WHAT THIS TASK INVOLVES:
Go through the records below and copy out every line holding "with".

DATASET EXCERPTS:
::::::
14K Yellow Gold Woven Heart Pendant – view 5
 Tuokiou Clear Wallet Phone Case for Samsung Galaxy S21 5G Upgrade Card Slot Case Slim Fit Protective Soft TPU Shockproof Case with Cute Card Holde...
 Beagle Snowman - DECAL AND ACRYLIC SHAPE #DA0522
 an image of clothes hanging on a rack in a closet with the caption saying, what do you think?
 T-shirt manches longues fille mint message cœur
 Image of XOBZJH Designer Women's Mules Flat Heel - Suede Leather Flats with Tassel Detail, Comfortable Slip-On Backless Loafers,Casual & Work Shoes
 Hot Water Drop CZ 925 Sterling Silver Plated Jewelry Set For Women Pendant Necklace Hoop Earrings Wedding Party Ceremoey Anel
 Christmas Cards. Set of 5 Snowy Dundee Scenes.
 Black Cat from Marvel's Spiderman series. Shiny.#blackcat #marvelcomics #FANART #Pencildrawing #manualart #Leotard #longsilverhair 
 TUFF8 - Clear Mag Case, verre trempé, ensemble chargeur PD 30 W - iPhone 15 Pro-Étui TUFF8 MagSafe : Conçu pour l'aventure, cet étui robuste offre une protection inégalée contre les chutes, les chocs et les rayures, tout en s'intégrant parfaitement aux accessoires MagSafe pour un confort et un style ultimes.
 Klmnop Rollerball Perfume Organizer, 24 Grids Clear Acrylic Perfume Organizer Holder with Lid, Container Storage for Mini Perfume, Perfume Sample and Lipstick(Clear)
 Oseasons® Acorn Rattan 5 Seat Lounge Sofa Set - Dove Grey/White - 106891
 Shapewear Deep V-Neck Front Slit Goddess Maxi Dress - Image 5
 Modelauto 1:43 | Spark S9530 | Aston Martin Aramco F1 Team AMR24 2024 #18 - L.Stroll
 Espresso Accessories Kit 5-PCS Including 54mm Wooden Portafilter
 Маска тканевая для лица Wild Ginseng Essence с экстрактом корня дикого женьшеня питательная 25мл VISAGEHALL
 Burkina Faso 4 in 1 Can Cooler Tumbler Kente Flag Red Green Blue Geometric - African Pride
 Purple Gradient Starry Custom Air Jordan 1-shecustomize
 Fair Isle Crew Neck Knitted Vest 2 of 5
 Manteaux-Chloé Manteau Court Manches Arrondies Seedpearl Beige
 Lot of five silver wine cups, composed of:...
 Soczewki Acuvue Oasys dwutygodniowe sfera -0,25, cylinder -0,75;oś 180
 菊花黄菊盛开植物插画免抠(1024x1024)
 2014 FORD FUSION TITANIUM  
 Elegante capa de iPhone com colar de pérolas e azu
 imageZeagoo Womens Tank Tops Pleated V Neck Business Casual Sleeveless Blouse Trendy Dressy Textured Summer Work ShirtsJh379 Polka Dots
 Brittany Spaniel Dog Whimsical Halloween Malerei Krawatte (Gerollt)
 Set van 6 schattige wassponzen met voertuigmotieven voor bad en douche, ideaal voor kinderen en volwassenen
::::::
ANSWER SECTION:
 Tuokiou Clear Wallet Phone Case for Samsung Galaxy S21 5G Upgrade Card Slot Case Slim Fit Protective Soft TPU Shockproof Case with Cute Card Holde...
 an image of clothes hanging on a rack in a closet with the caption saying, what do you think?
 Image of XOBZJH Designer Women's Mules Flat Heel - Suede Leather Flats with Tassel Detail, Comfortable Slip-On Backless Loafers,Casual & Work Shoes
 Klmnop Rollerball Perfume Organizer, 24 Grids Clear Acrylic Perfume Organizer Holder with Lid, Container Storage for Mini Perfume, Perfume Sample and Lipstick(Clear)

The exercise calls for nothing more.